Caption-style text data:
::::::::

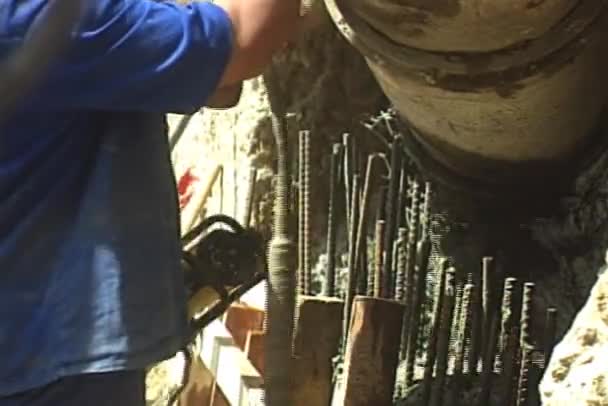 Mannen Aan Het Werk Bouw Werknemers Scènes Werkzaamheden Bouw — Stockvideo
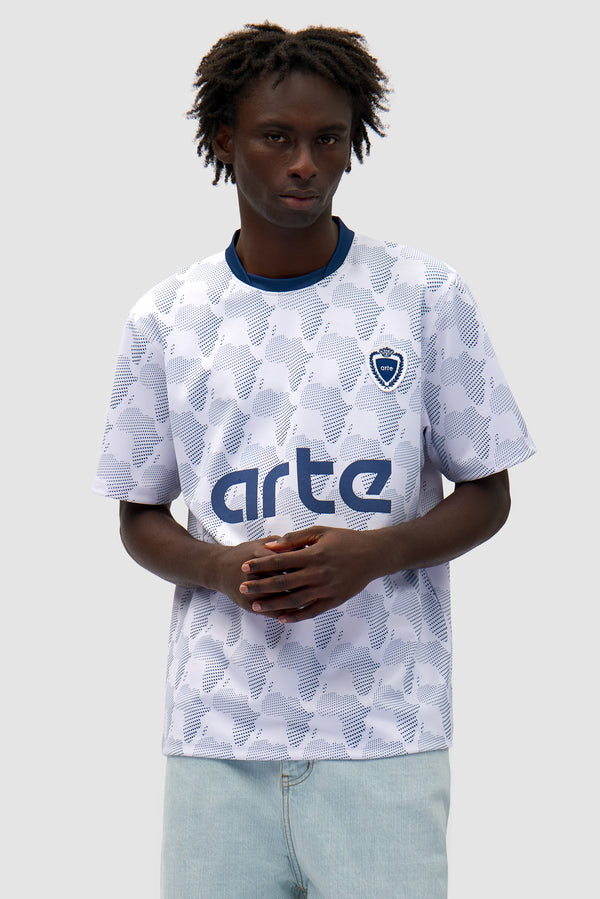 Footbal Shirt in White/Navy worn by a model, half-body front view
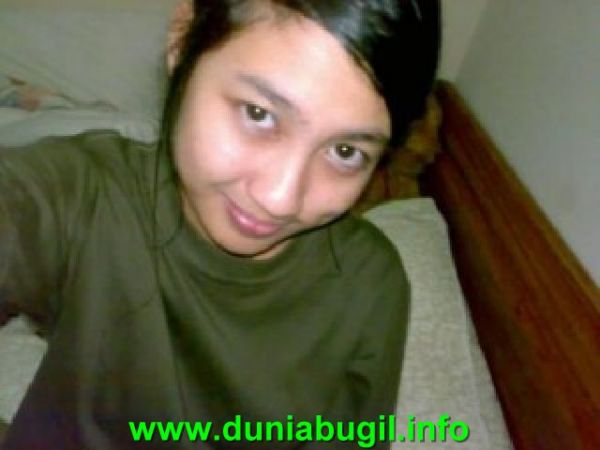 artis bugil indonesia pamer meki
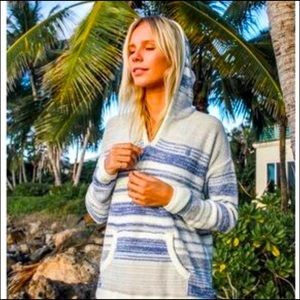Lira Baja Pina Hooded Poncho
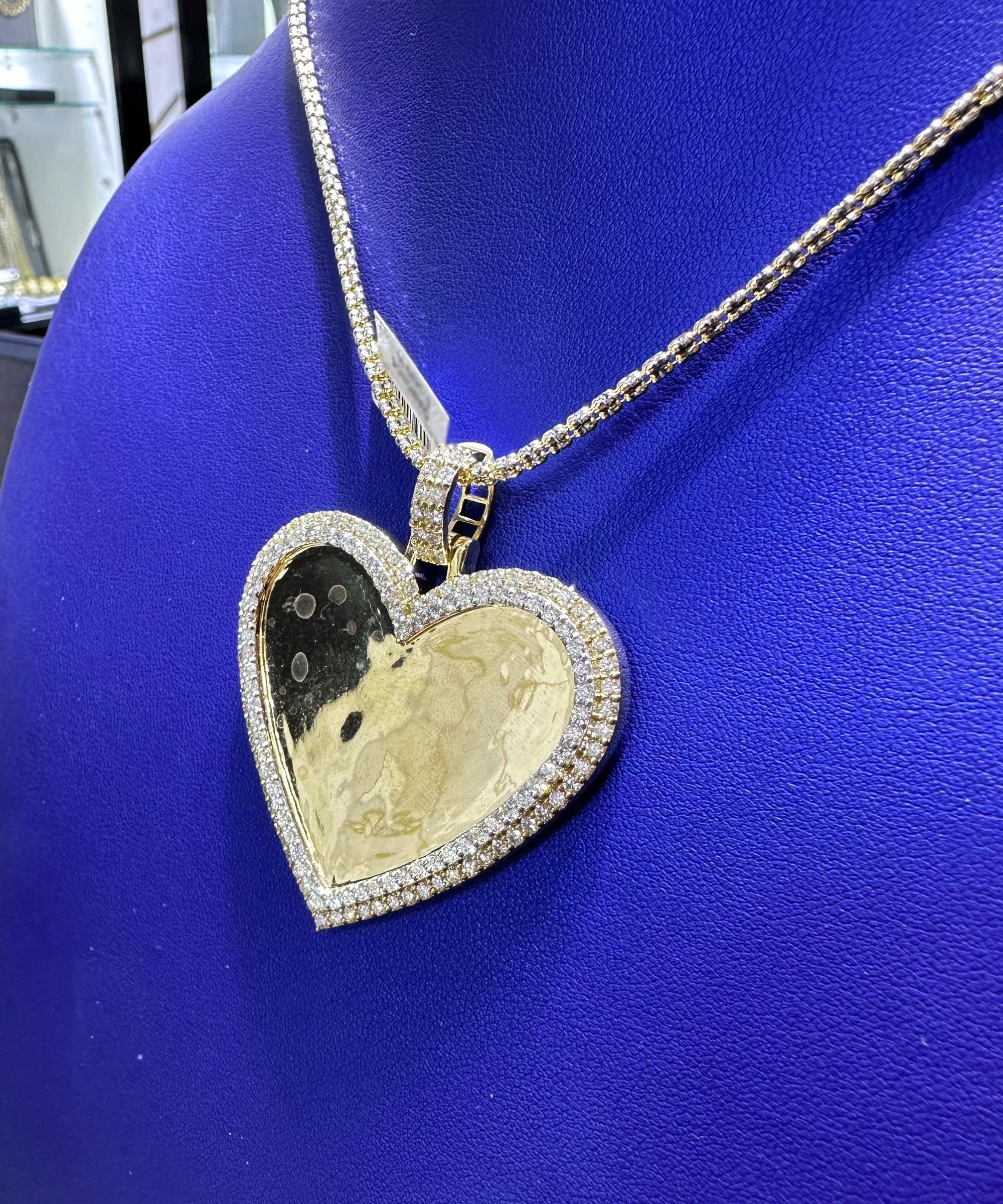 4.50ctw Natural Diamond Memory Charm Heart Pendant in 10K Gold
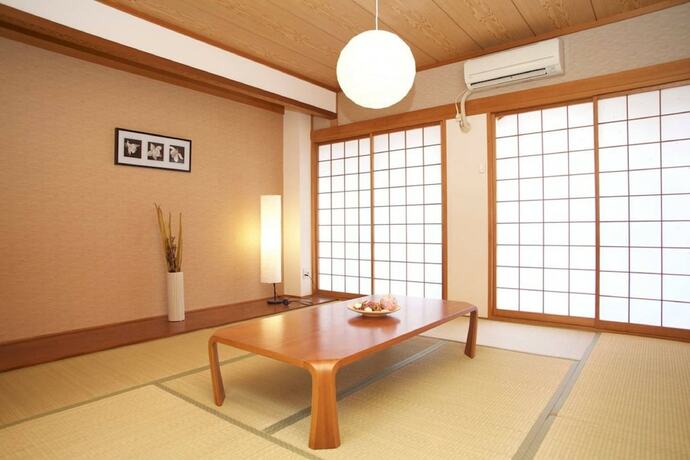 Imagen general del Hotel Namba Sunset Hills 4br House. Foto 7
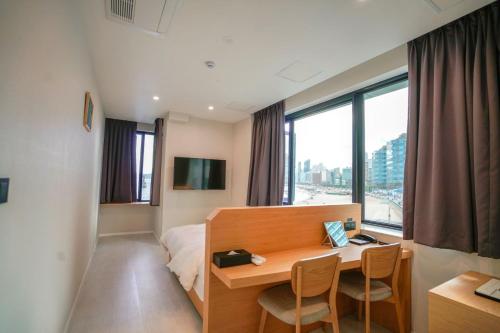 Deluxe Double Room with Sea View image 9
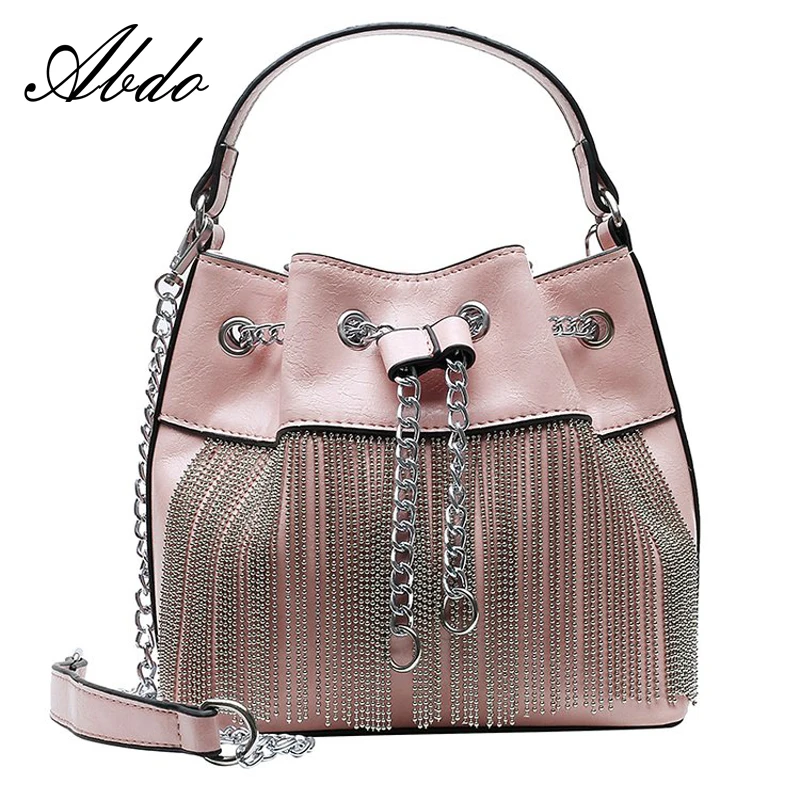 

2019 new fashion crystal diamond tassel woman shoulder bag Messenger bag versatile rivet bag bucket bag wedding handbags
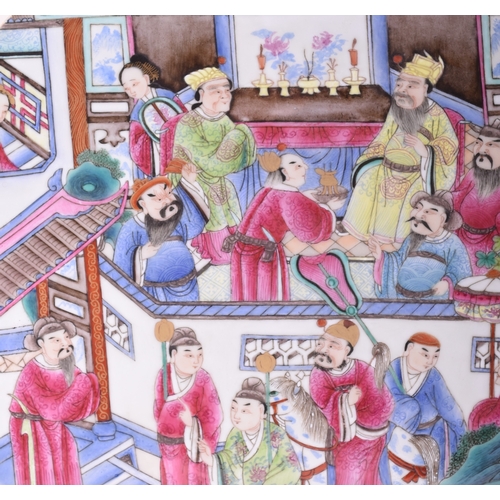 55 - A Chinese famille rose circular plaque, Qing Dynasty, 19th century Finely painted in colours with hi... 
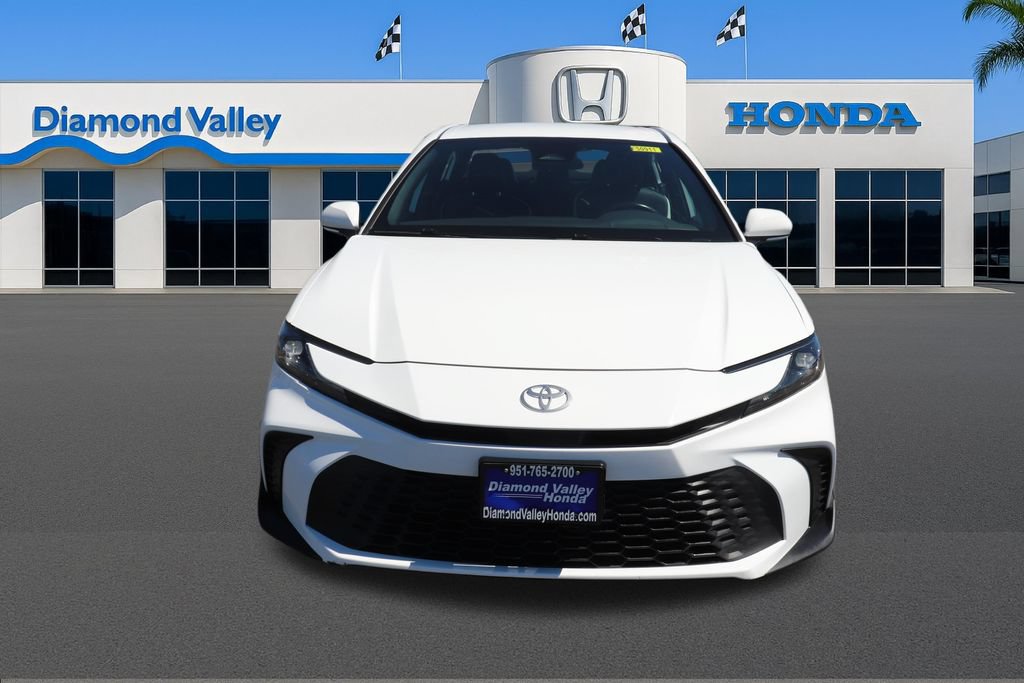 Used 2025 Toyota Camry SE FWD image 2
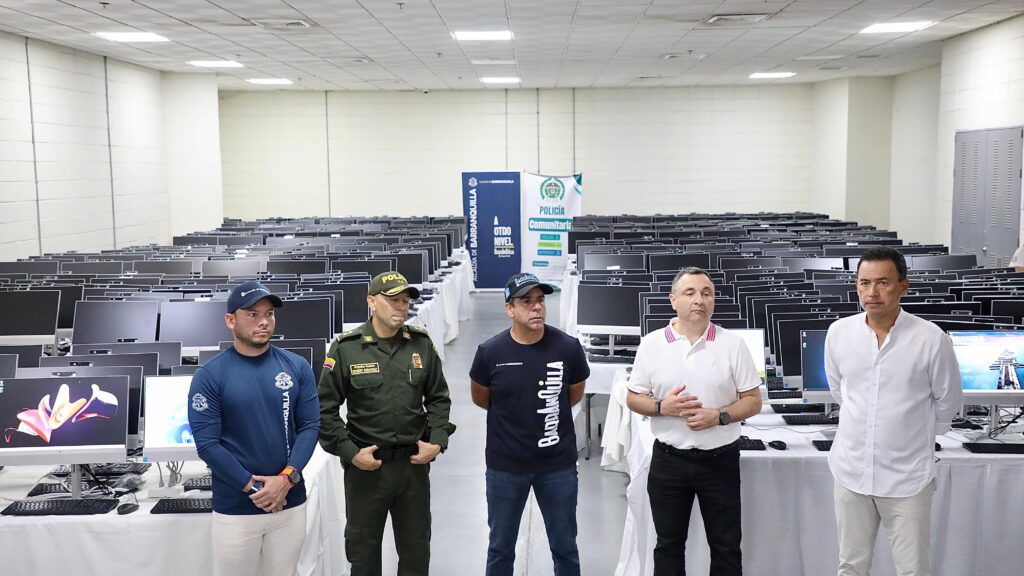 “Aquí está el recurso de todos para que la Policía pueda combatir a los delincuentes”: alcalde char en entrega de 500 computadores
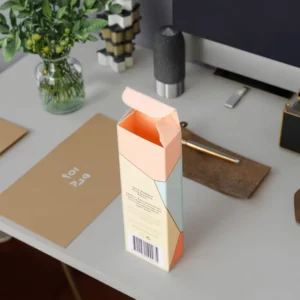 Custom Recyclable Kraft Paper Cosmetic Skincare Packaging Box with Embossed Logo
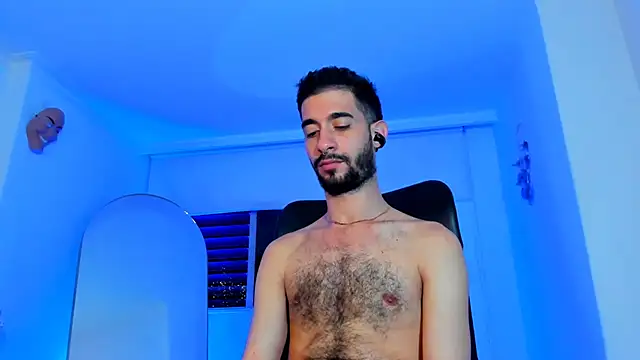 Snapshot of Your__hero1 chatting on 10/13/25, 06:26 Your  hero1 online show from 10/13/25, 06:26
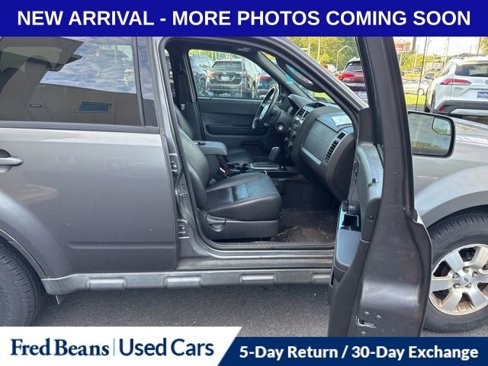 Used 2010 Ford Escape Limited image 9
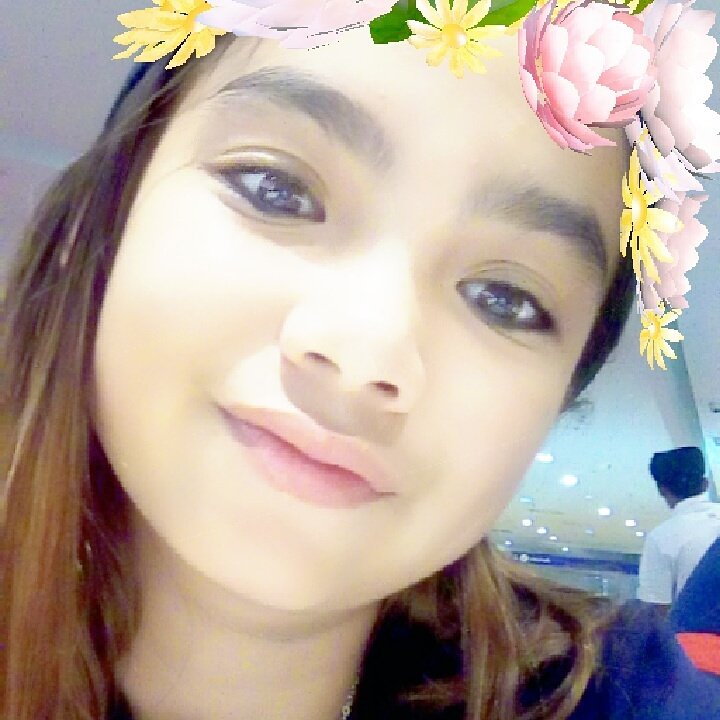 Yelshaelocin28's tweet photo. Snapchat ..!! last night ..at ..abrezza mall of davao .. https://t.co/DImrr9e9ul
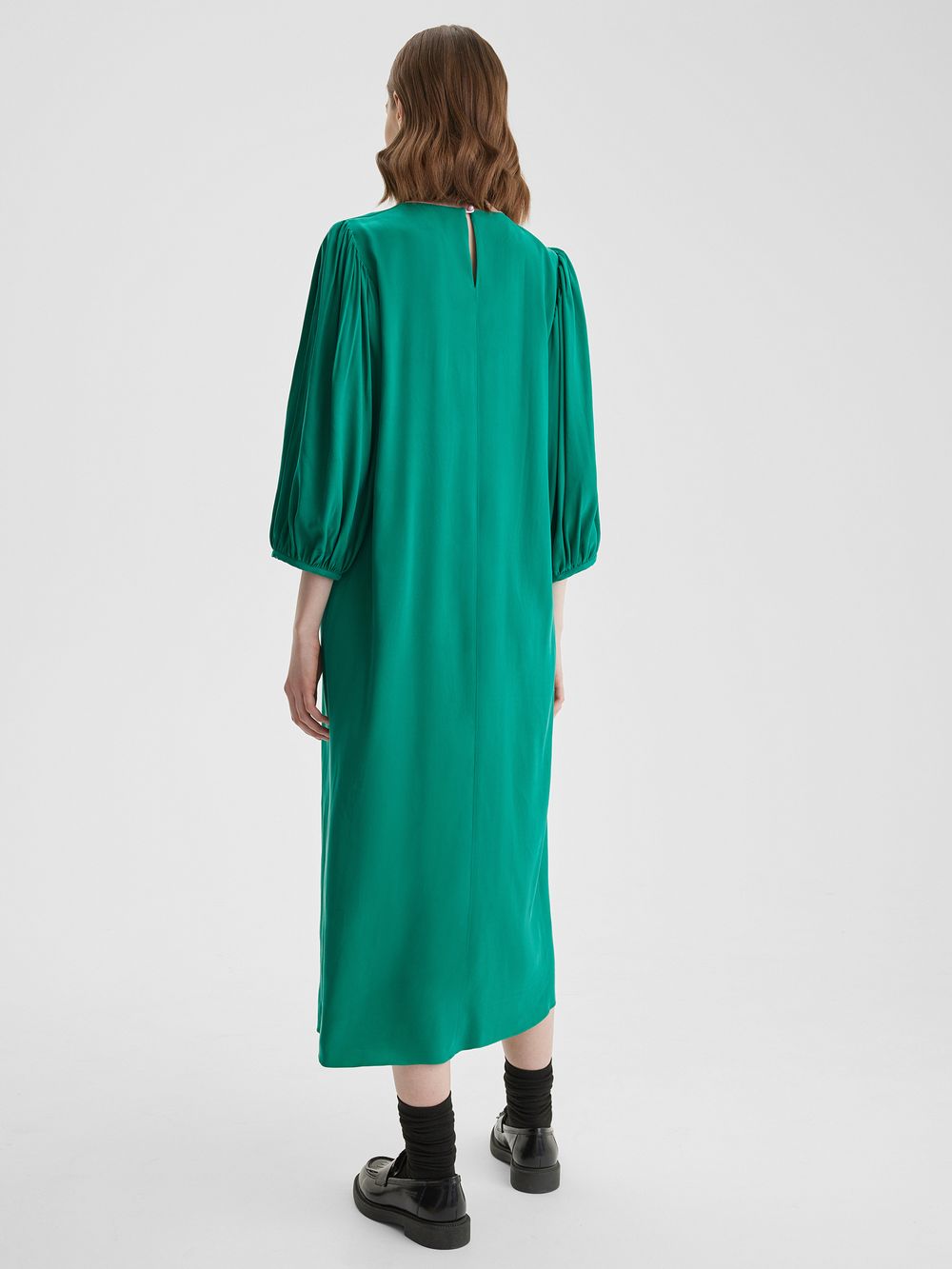Платье с пышными рукавами изумрудного цвета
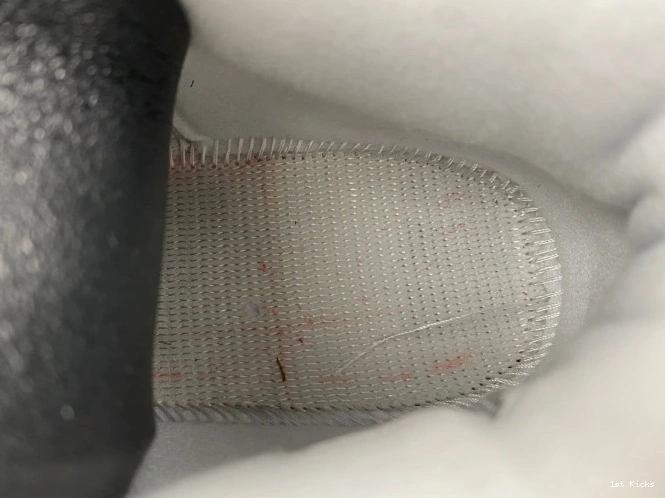 DR5415-120 Retro SB Jordan 4 0727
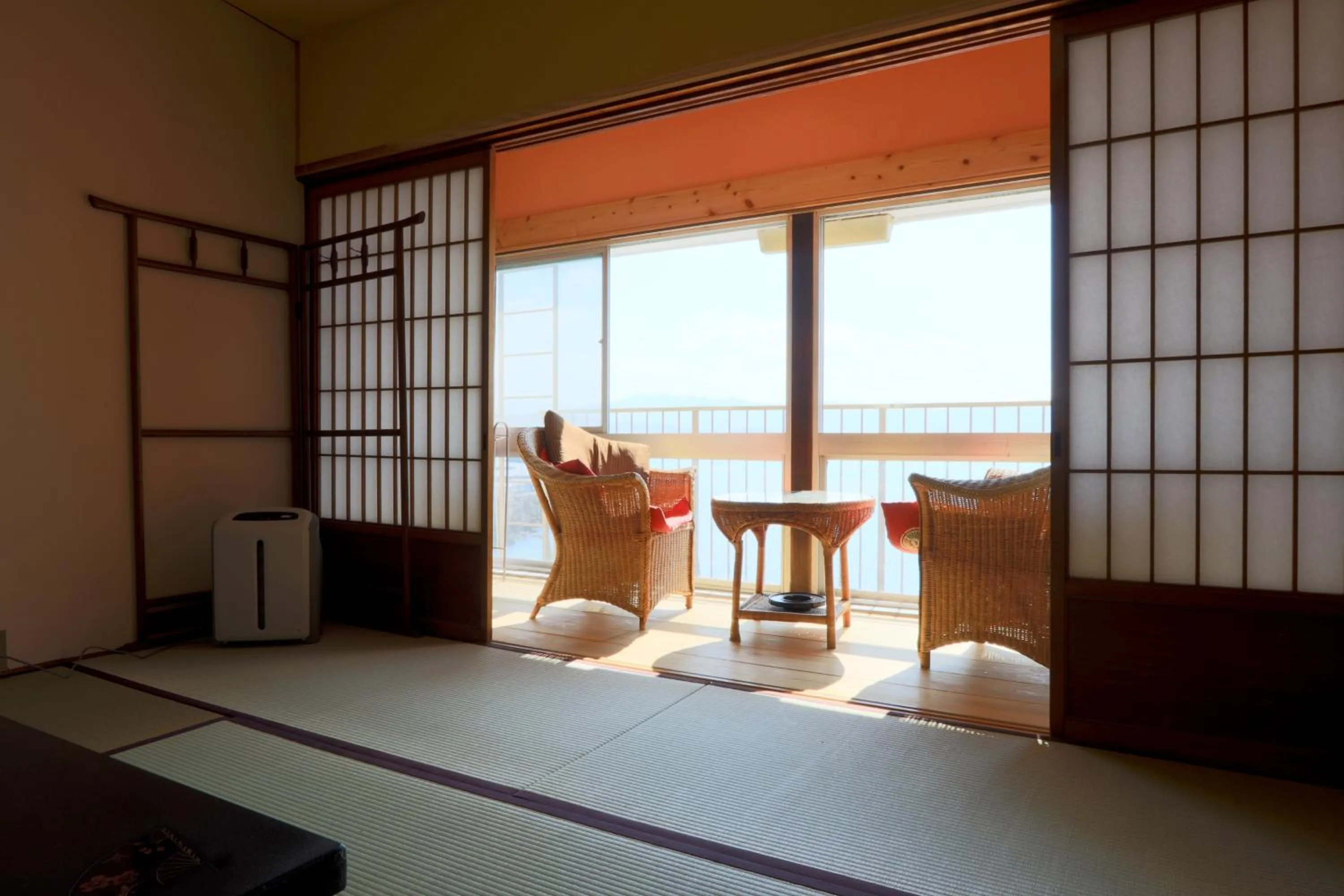 Photo of the whole room in Kimuraya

::::::::

- **REQUIREMENT**
Leave out the pictures and copy exactly the lines from the one with "Snapshot of Your__hero1" through the last line of the records above.

- **EXERCISE ANSWER**
 Snapshot of Your__hero1 chatting on 10/13/25, 06:26 Your  hero1 online show from 10/13/25, 06:26
 Used 2010 Ford Escape Limited image 9
 Yelshaelocin28's tweet photo. Snapchat ..!! last night ..at ..abrezza mall of davao .. https://t.co/DImrr9e9ul
Платье с пышными рукавами изумрудного цвета
 DR5415-120 Retro SB Jordan 4 0727
 Photo of the whole room in Kimuraya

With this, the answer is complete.